Sharon L. De Lange v. United States
This text of 372 F.2d 134 (Sharon L. De Lange v. United States) is published on Counsel Stack Legal Research, covering Court of Appeals for the Ninth Circuit primary law. Counsel Stack provides free access to over 12 million legal documents including statutes, case law, regulations, and constitutions.
Opinion
We affirm the judgment below; holding that the communicated diagnosis was a representation. (Hall v.

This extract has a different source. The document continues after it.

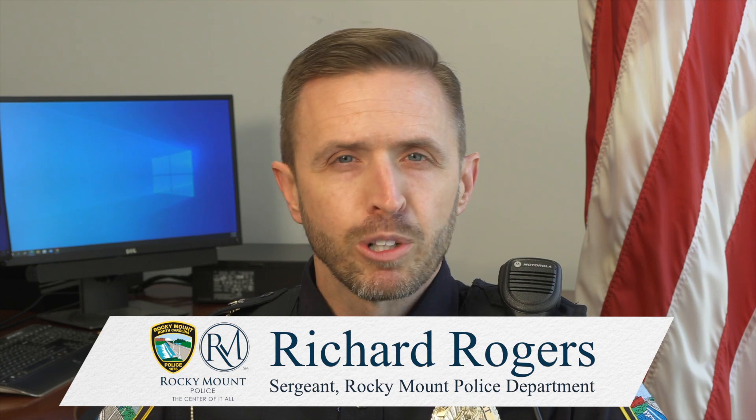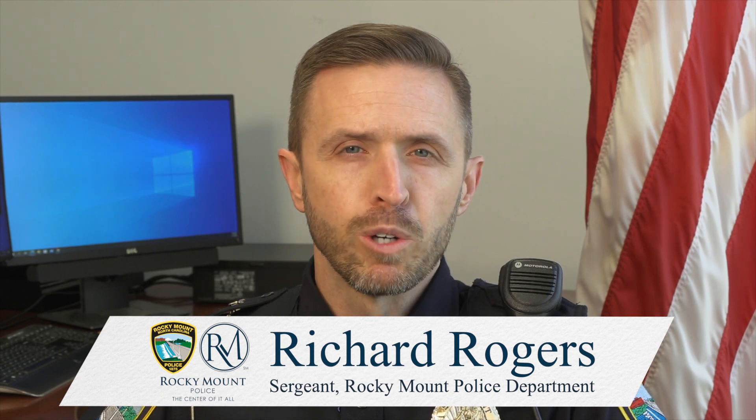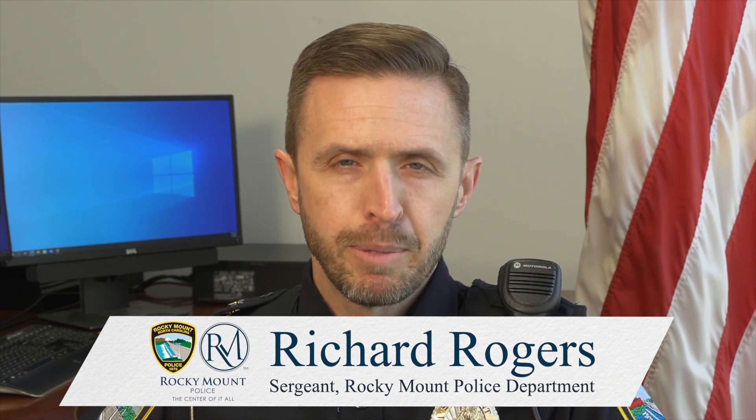Hello, you may have noticed road construction on Biveny Road near the Highway 64 interchange. I'm Sergeant Rogers with the Police Department's Traffic Enforcement and Crash Reconstruction Unit. I'm here to give you a few safety tips about driving through a construction zone.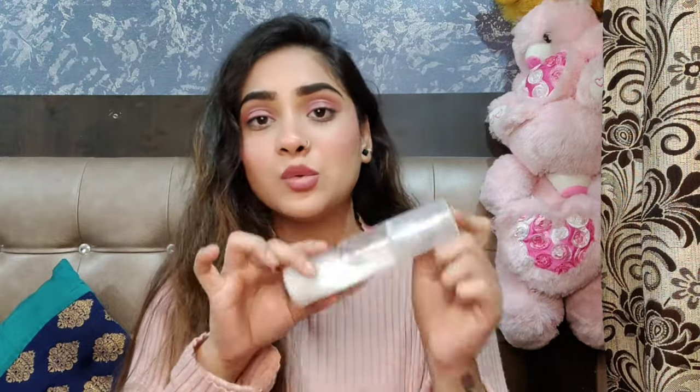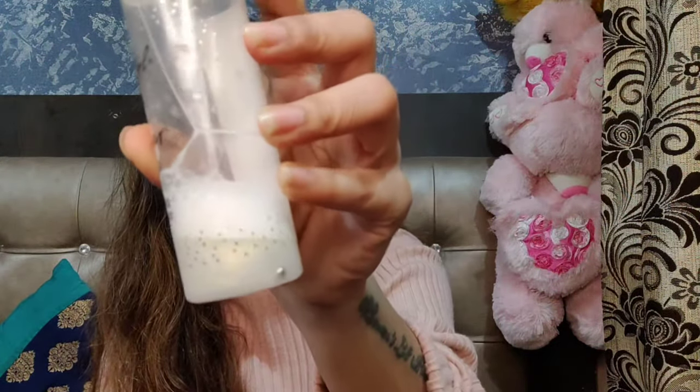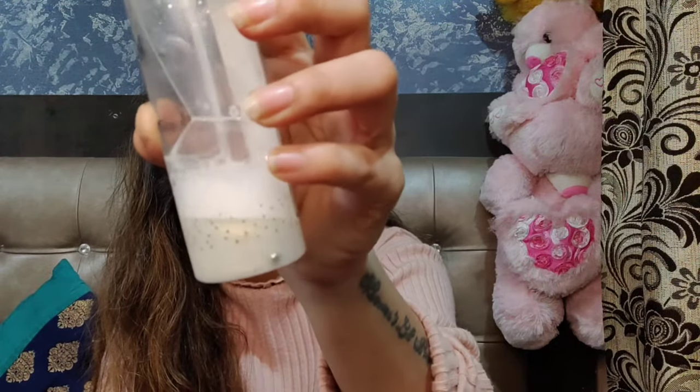Using this product is very easy — just remove the cap and spray. But here's the right way to do it: first, shake the bottle well so the particles are properly mixed. Then spray it, but keep your mouth and eyes closed while spraying. Only use one spray — you don't need multiple sprays, otherwise it becomes too much on your face. I made this mistake myself.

United States, 274 F.2d 69 (10th Cir. 1959).) An incorrect representation is “misrepresentation” within the meaning of the statute (28 U.S.C.A. §§ 2674 and 2680(h)), whether wilful or based upon negligence in ascertaining the facts represented. (United States v. Neustadt, 366 U.S. 696, 702, 81 S.Ct. 1294, 6 L.Ed. 2d 614 (1961).) Cf. Hungerford v. United States, 307 F.2d 99, 102 (9th Cir. 1962). The appellant would not have undertaken to be examined, but for her employment. Her exclusive remedy is to seek relief for Workmen’s Compensation benefits. 5 U.S.C.A. § 8101 et seq.; § 8171-8173; and 33 U.S.C.A. § 901 et seq.